How to Build a Touch On-Off Circuit with a 7414 Inverter Gate Chip
In this circuit, we will build a touch on-off switch circuit using a 7414 inverter chip.
This inverter gate chip circuit will function as a flip flop.
When we touch the touch wire, the LED turns on. And if we touch it again, the LED turns off.
This circuit truly functions as an on-off touch sensor circuit.
This is the same type of circuit we would see in a touch lamp, where you touch it on or off.
The main reason how this circuit can do this is through the use of a capacitor. In this circuit, we use 2 capacitors. When we touch the wire, we either charge up the capacitor or discharge the capacitor. Charging it up turns the LED off. And discharging the capacitor turns the LED on. We'll go over this in much more depth below.

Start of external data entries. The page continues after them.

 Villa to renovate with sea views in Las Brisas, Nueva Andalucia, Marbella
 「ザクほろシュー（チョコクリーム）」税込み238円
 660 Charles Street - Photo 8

We exploit NAND gate logic in order to make this circuit possible.
In this circuit, our output device will be an LED, which will turn on and off, as we touch the touch plate or touch wire.
- 7414 Inverter Chip
- 4.7MΩ resistor
- 1MΩ resistor
- 470Ω resistor
- 1μF electrolytic capacitor
- 100nF ceramic capacitor
- Touch Plate
The 7414 hex inveter gate chip can be obtained very cheaply from a number of online retailers for just a few cents. One place it can be obtained from is Tayda Electronics at the following link: Tayda Electronics- 7414 Hex Inveter Gate IC. However, it is a very popular chip and many electronics parts suppliers have them.
The pinout of the 7414 is shown below, so that you can see how to
connect it in the circuit.
This inverter has 6 independent inverter gates.

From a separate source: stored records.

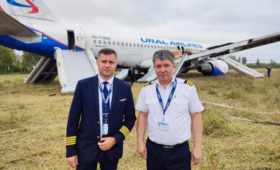 Посадивший самолет «Уральских авиалиний» в сибирское поле пилот уволился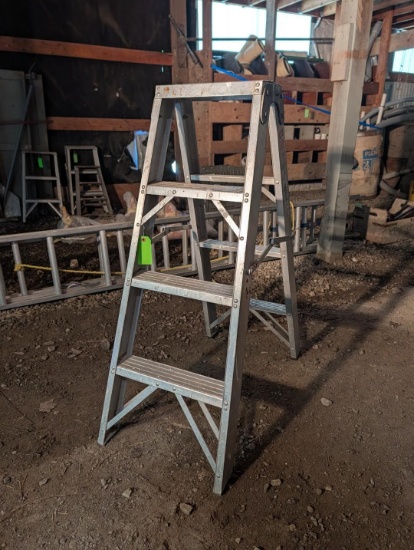 4' Double Aluminum Sided Step Ladder
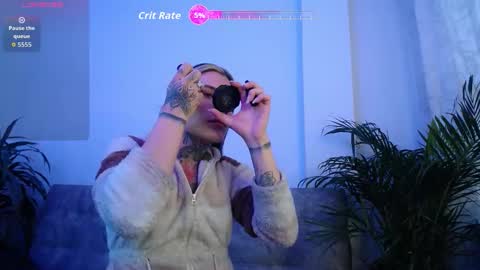 Snapshot of luciiana_lol chatting on October 5, 1:08 pm luciiana online show from October 5, 1:08 pm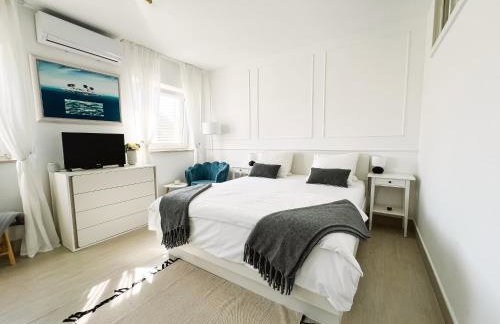 Modern apartment in the heart of Njivice - Foto 9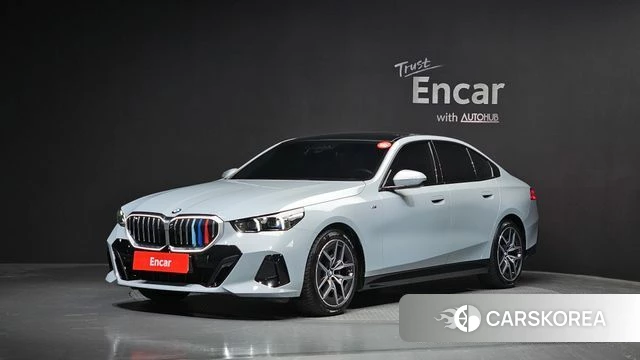 BMW 5 Series (G60) 2024 Светло-серебряный цвет из Кореи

The pins marked with A's are the inputs to the inverter gates and the pins marked with Y's are the outputs of the inverter gates.
The following chart shows inverter gate logic, which shows what output a
inverter gate chip will produce for a given input.
|Inverter Truth Table|
This means that if the input is 0, the output will be 1 or HIGH. If the input is 1 or HIGH, the output will be 1 or LOW.

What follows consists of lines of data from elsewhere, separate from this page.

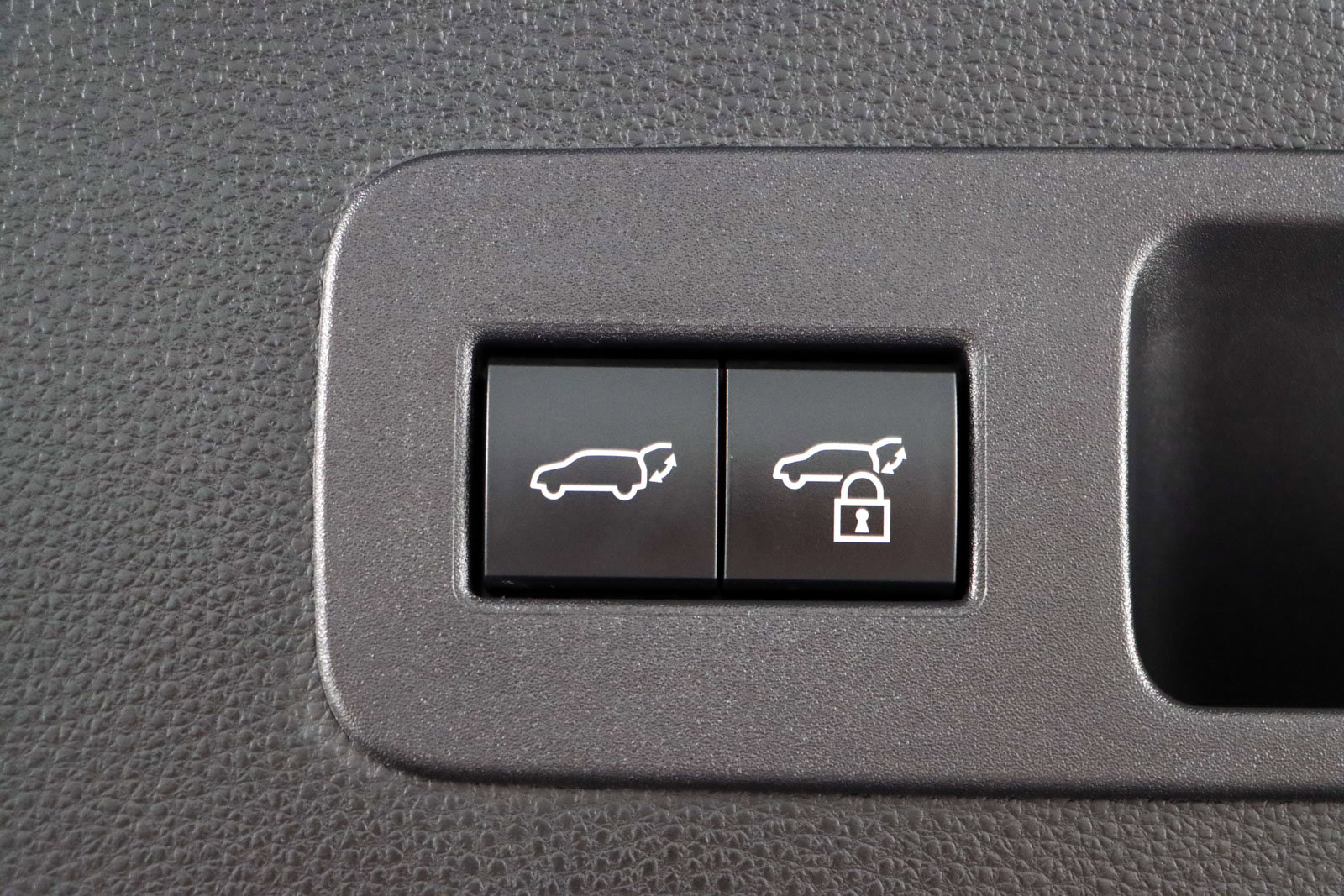 Used 2025 Lexus LX 600 4WD w/ Luxury Package image 35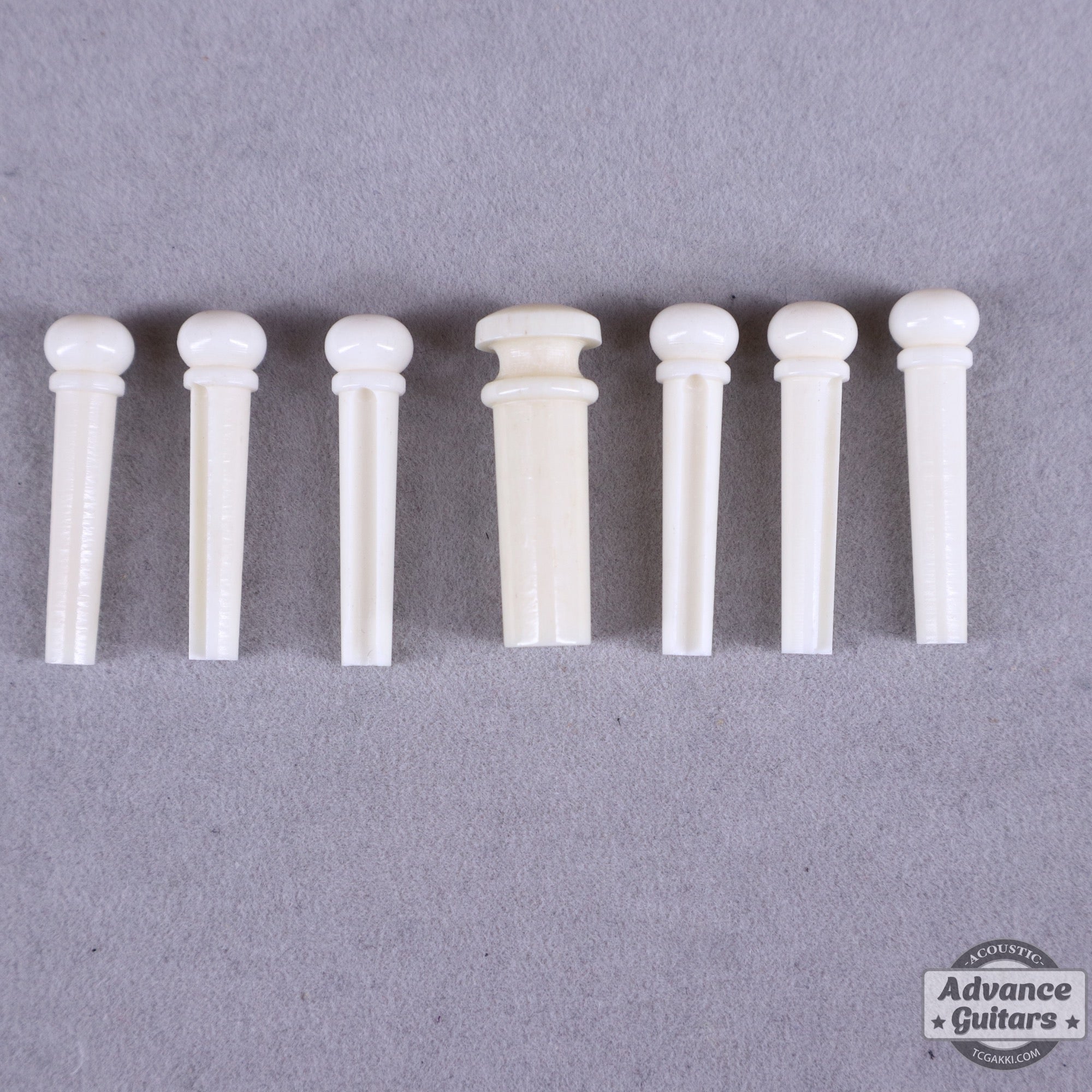 Preciso Bridge Pin & End Pin Set(Bone & Mother of Pearl Dot) - TC楽器 - TCGAKKI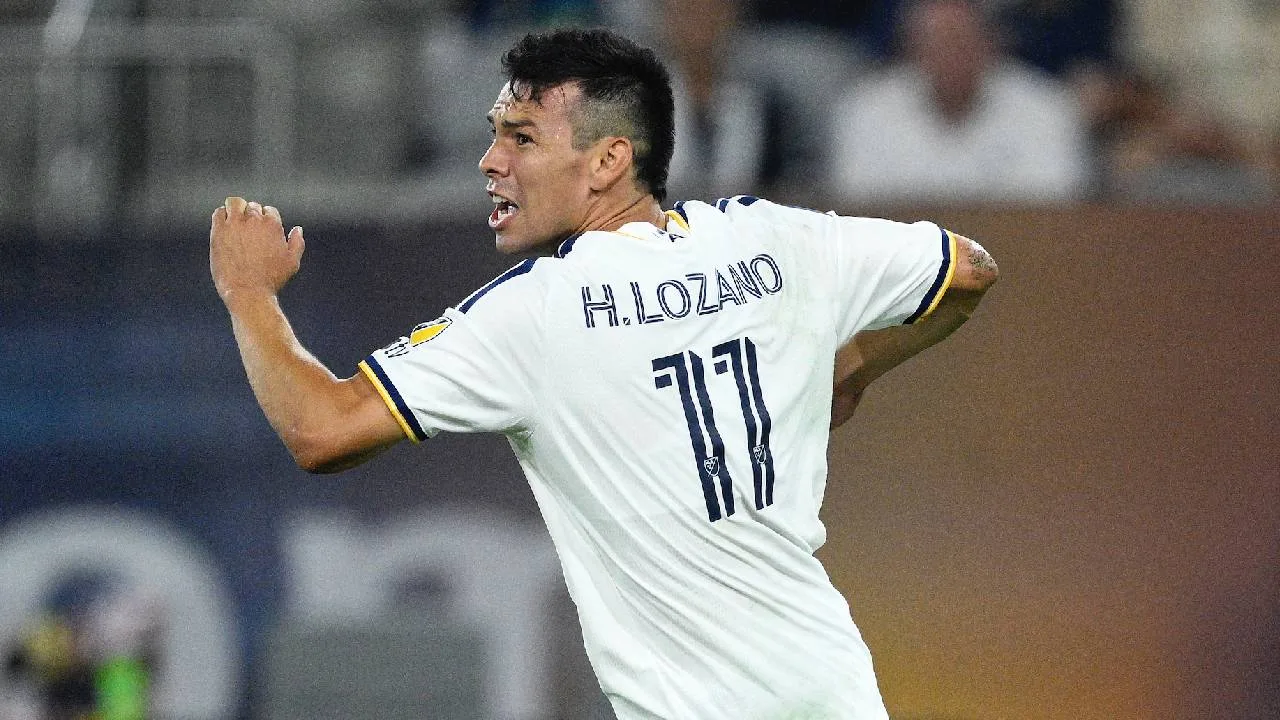 Chucky Lozano, futbolista del Galaxy en la MLS.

We will use this inverter logic as the basis for the function of our circuit.
Touch On-Off Circuit Using a 7414 Inverter Gate Chip
The touch on-off circuit we will build with a 7414 inverter gate chip is shown below.
To see this circuit diagram connection from the view of the integrated circuit (IC), see the following: Touch On-Off Circuit with a 4011 NAND Gate Chip shown from the IC
The breadboard schematic of the circuit above is shown below.
First, we must connect power to the 7414 inverter gate chip. We do this by connecting VCC, pin 14, to 5V and by connecting GND, pin 7, to power ground. This establishes power to the 7414 inveter gate chip.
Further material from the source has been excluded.